Dans une enquête récente à laquelle j’ai participé sur l’accueil des migrants, on voit que ce sont des femmes qui s’engagent concrètement pour aider les personnes que l’Etat a mis là, loin des transports et des infrastructures. Elles ont cette conscience qu’il faut s’entraider. C’est un motif d’espoir. Car la masculinité populaire, elle, empêche beaucoup de choses politiquement. C’est évidemment que le fait de ne pas être un “‘assisté” c’est aussi être un homme fort, c’est marcher dans les pas de son père etc.

Les modèles d’accomplissements locaux sont le plus souvent des hommes, dans des professions de réussite économique, et qui sont des leaders d’opinion situés à droite. S’il y a avait des gens du coin, qui viennent de milieu populaire et qui pourrait incarner un autre modèle… ça serait bien. 
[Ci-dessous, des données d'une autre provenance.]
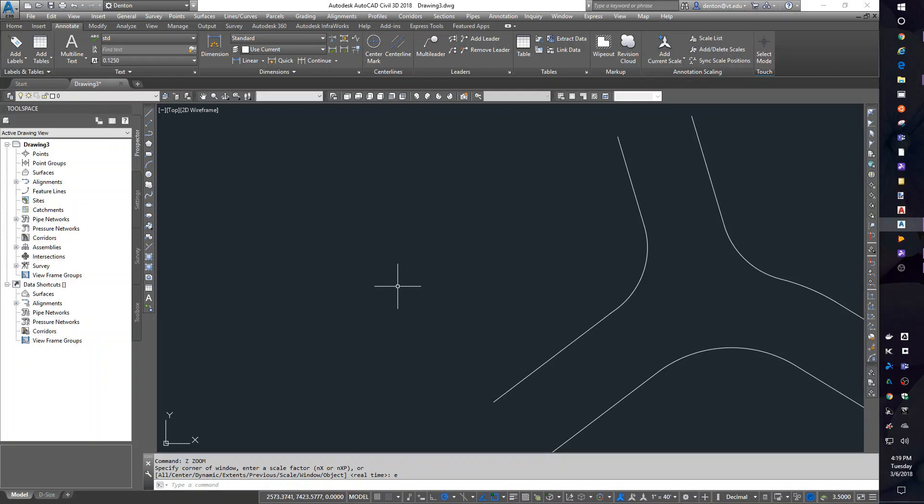In this lab, we're going to look at points, labeling our points, and automatically labeling with description keys. To start off, I'm going to put a few points in my drawing. You can already see I have a little road intersection drawn. That'll be for later, but I'm going to add a few points.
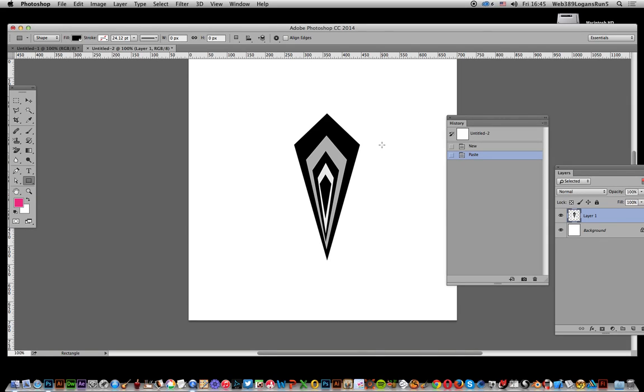Tutorials by Andrew Buckle. In this video I'm going to show you how to create a contour brush similar to the one displayed here.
C’est une éducation qui se fait par un rapport de force, avec la question “qui tient la dragée haute ?” qui est le gros poisson dans une petite mare qu’on va suivre localement ? Celle dont on va dire “elle a de la tchatche, elle a de la gueule, j’aimerais bien être comme elle, elle gagne bien sa vie, sa bagnole est propre, et en même temps elle est de gauche – comme quoi tout ce qu’on dit sur la gauche c’est peut-être pas vrai chez Hanouna, puisque la nana de gauche qui habite à côté de chez moi elle  travaille, elle gère bien sa vie, ses parents n’étaient pas riches, elle a connu la galère” etc. C’est ça qui fait que l’on s’identifie à quelqu’un. Si cette personne devient candidate aux élections mais qu’elle continue de rester elle-même socialement tout en représentant une forme de charisme, ça va marcher.

C’est une éducation qui se fait par un rapport de force, avec la question “qui tient la dragée haute ?” qui est le gros poisson dans une petite mare qu’on va suivre localement ?

Le charisme, j’insiste là-dessus : c’est aussi le fait de tenir tête. C’est quelque chose de très important dans les milieux populaires, où il y a une fierté qui est toujours contrariée parce qu’on ne voit pas de gens comme soi faire, par exemple, ce qu’avait fait Philippe Poutou en clashant François Fillon en 2017. C’est une séquence qui avait énormément tourné, énormément plu aux gens que je côtoyais à cette époque pour mes recherches, mais ces personnes-là, le moins qu’on puisse dire,c’est qu’elles n’ont pas voté pour lui. 

Sur ces sujets-là, je recommande vraiment la lecture du livre de Raphaël Challier dont j’ai parlé précédemment : il montre comment, que cela soit au PCF, à LR ou au RN, les militants populaires se font disqualifier, dans un processus de tri social qui est propre à chaque parti. On les disqualifie au profit de candidats bourgeois. Les partis de droite gagnent comme ça, car ils sont en cohérence avec eux-même. Mais comment la gauche peut gagner comme ça ? C’est antinomique. Les appareils de parti sont là pour reproduire un tri social basé en grande partie sur des compétences scolaires ou des statuts privilégiés hérités…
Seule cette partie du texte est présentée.